- **Task item**
In the records below, find the line with "39 Décor Ideas", then retype it and every following line exactly, stopping after the line with "Божонка. Поездка в". Leave the pictures out.

- **Exercise inputs**
+++++
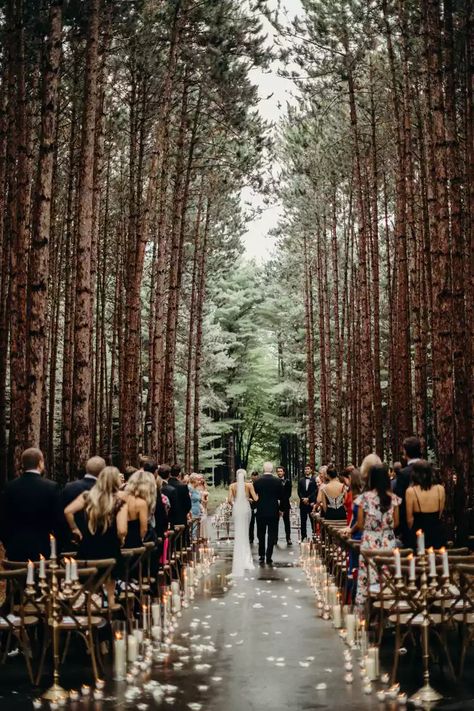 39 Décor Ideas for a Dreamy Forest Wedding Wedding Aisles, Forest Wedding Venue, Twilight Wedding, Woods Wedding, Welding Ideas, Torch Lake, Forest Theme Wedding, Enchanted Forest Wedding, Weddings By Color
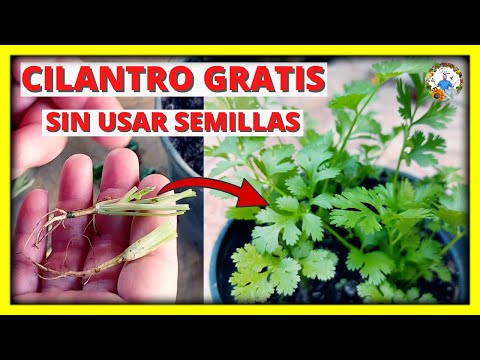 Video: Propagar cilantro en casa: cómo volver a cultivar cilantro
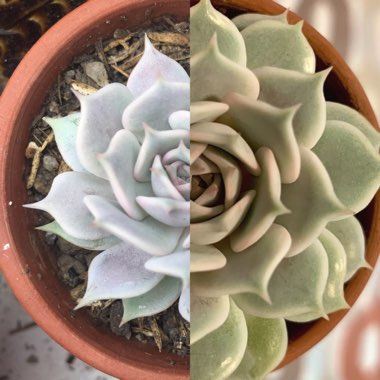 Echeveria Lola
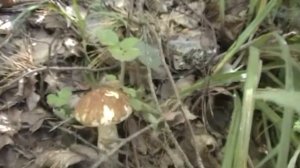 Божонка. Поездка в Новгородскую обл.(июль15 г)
+++++
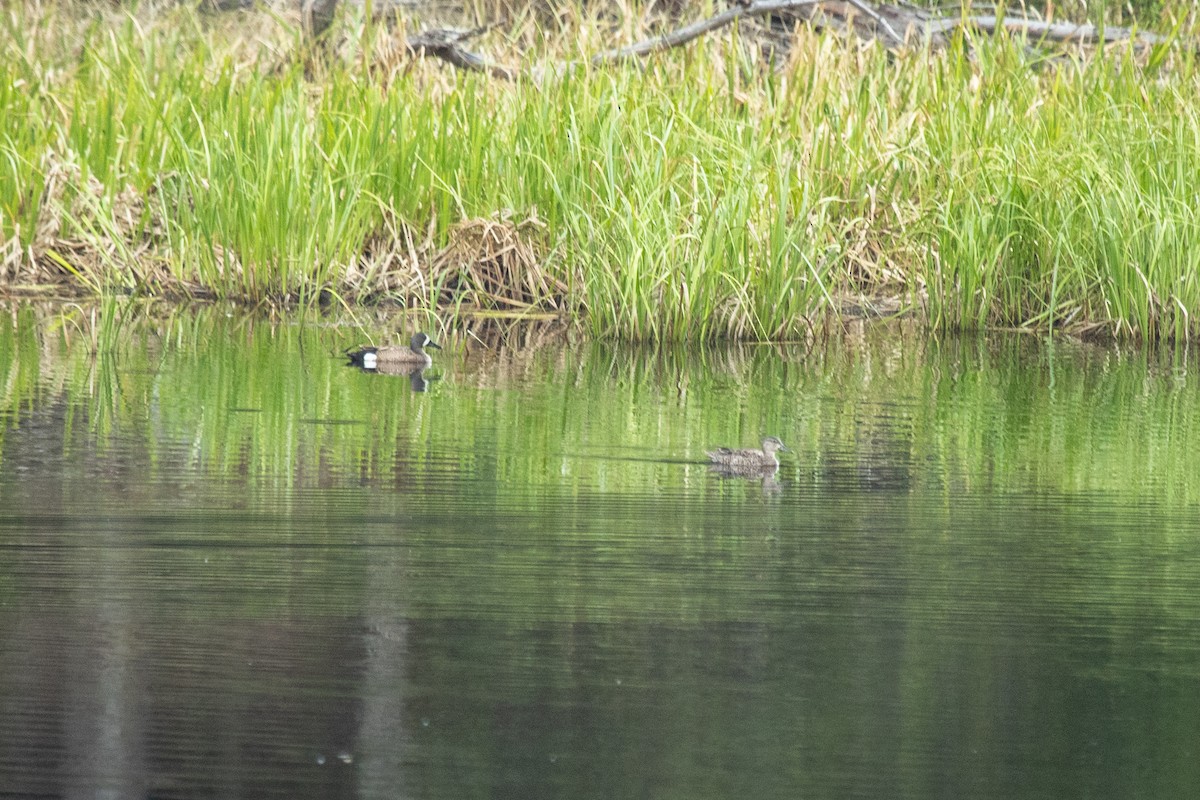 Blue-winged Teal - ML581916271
+++++
- **Response for this exercise**
 39 Décor Ideas for a Dreamy Forest Wedding Wedding Aisles, Forest Wedding Venue, Twilight Wedding, Woods Wedding, Welding Ideas, Torch Lake, Forest Theme Wedding, Enchanted Forest Wedding, Weddings By Color
 Video: Propagar cilantro en casa: cómo volver a cultivar cilantro
 Echeveria Lola
 Божонка. Поездка в Новгородскую обл.(июль15 г)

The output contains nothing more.